Le réveil est ici à la même heure qu'au Struthof : quatre heures. Après avoir procédé à une toilette des plus sommaires et avalé trois quarts de litre de café ersatz, nous faisons connaissance avec le chantier : un tunnel ferroviaire qui date de la guerre précédente, qui a servi de champignonnière et dans lequel il s'agit d'installer une usine souterraine. Un autre Kommando de notre camp travaille à l'autre extrémité, à sept kilomètres. [...]
La seconde équipe, à laquelle je suis affecté, doit pratiquer dans les parois des excavations à des fins inconnues de nous. Le travail à la barre à mine, dans le rocher, est affreusement pénible. Chaque coup - j'en donne le moins possible - résonne douloureusement dans les bras et la colonne vertébrale. La poussière règne en maîtresse et s'infiltre partout : dans le nez, dans les yeux, dans les poumons. [...]

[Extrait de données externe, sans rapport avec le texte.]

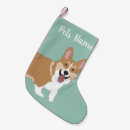 Recherche de corgi chaussette de noël Chiot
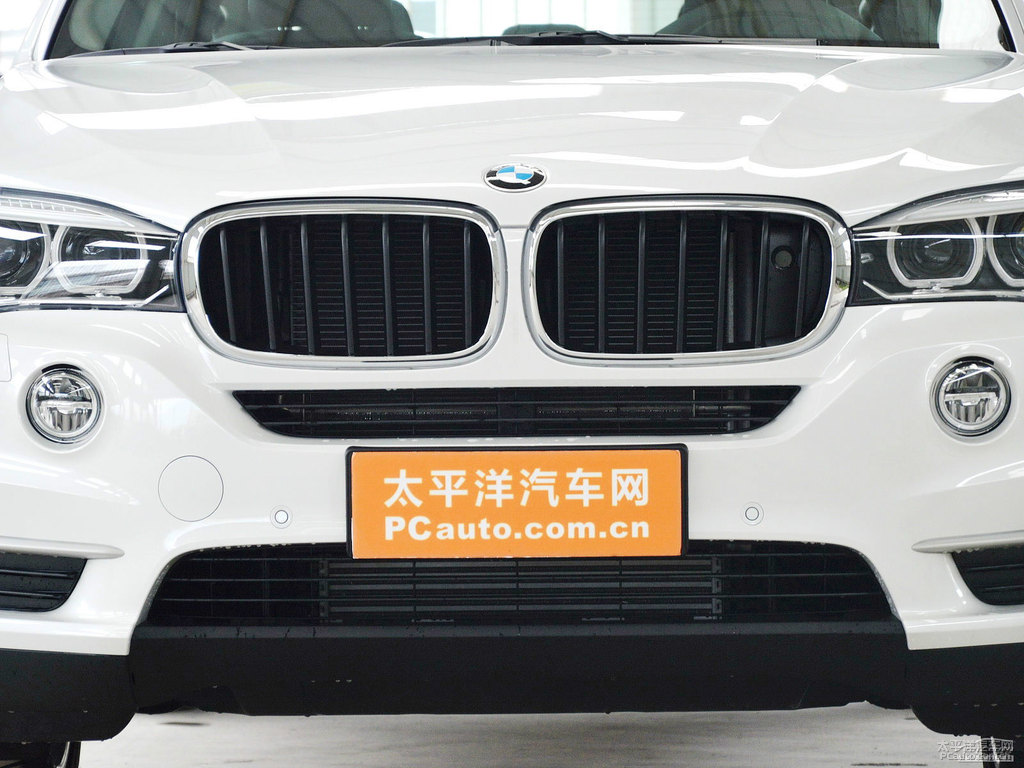 礦石白寶馬X5(進(jìn)口)車頭外觀圖片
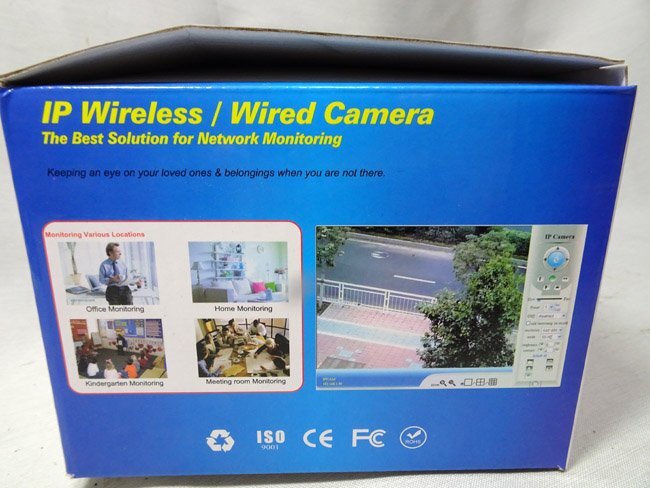 ①IP Wireless/Wired　Camera ネットワークカメラ 防犯カメラ 監視カメラ 通電確認済 ジャンク扱い品_画像7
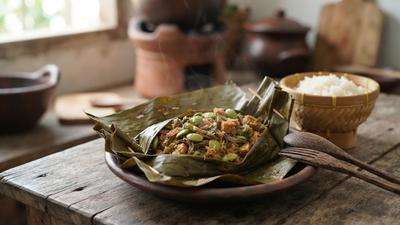 Resep Botok Petai Cina Tempe Teri Tanpa Minyak, Pilihan Lauk Sehat dan Ekonomis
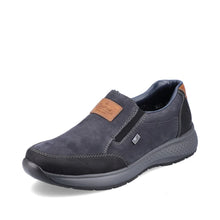 Load image into Gallery viewer, Rieker Mens Navy Slip-On Shoe B7654-02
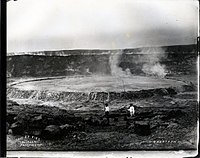 Остывающее озеро лавы, 1930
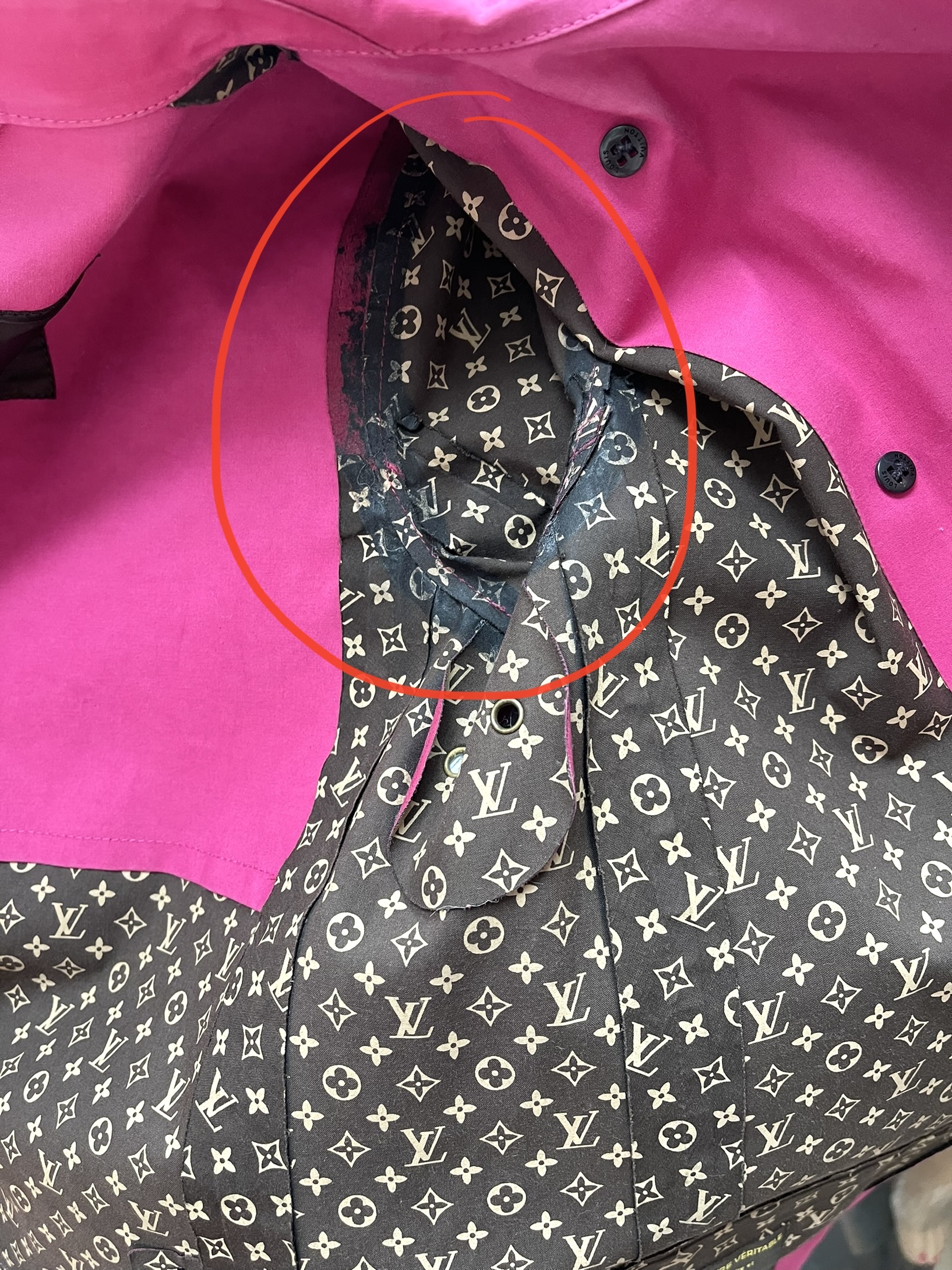 Hot Pink Cotton Mackintosh Double-Breasted Trench Coat — image 13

Le rythme imposé est infernal. Les kapos hurlent sans cesse et frappent, frappent sans arrêt, pour un instant de repos, pour un regard trop appuyé, pour rien, comme cela, en passant, pour s'entretenir la main. Les forçats qui sortent les déchets sur des wagonnets le font au pas de course. Ceux qui tombent sont relevés à coups de pieds, ceux qui s'évanouissent sont noyés de seaux d'eau et, s'ils ne reprennent pas connaissance à temps, sont achevés à force de coups. Les sentinelles frappent de la crosse ceux qui passent à leur portée ; même les civils allemands qui dirigent les travaux, pris par la folie ambiante, se mettent de la partie et frappent ou dénoncent les fautifs aux kapos qui frappent à leur place. Le soir après douze heures de travail dans ces conditions, nous rentrons en traînant nos morts sur des brouettes, vidés, au bord de la rupture.